Please output the section of the listing below that opens with the line containing "Remember that sometimes" and closes with the line containing "Hi, I'm Jim", exactly and with nothing else.

• _Working data_
[Start of section]

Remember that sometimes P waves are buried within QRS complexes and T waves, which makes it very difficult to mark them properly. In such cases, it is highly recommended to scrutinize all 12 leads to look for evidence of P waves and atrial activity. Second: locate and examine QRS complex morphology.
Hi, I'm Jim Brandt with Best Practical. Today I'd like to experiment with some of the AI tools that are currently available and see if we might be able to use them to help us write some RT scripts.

[End of section]
[Start of section]

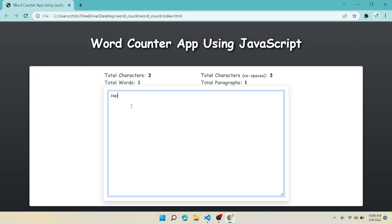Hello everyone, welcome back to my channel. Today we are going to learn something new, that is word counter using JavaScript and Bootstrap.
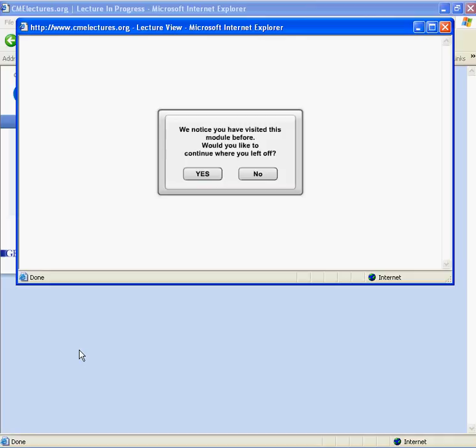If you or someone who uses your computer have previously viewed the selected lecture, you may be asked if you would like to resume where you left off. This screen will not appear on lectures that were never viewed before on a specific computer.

[End of section]

• _Answer section_
Remember that sometimes P waves are buried within QRS complexes and T waves, which makes it very difficult to mark them properly. In such cases, it is highly recommended to scrutinize all 12 leads to look for evidence of P waves and atrial activity. Second: locate and examine QRS complex morphology.
Hi, I'm Jim Brandt with Best Practical. Today I'd like to experiment with some of the AI tools that are currently available and see if we might be able to use them to help us write some RT scripts.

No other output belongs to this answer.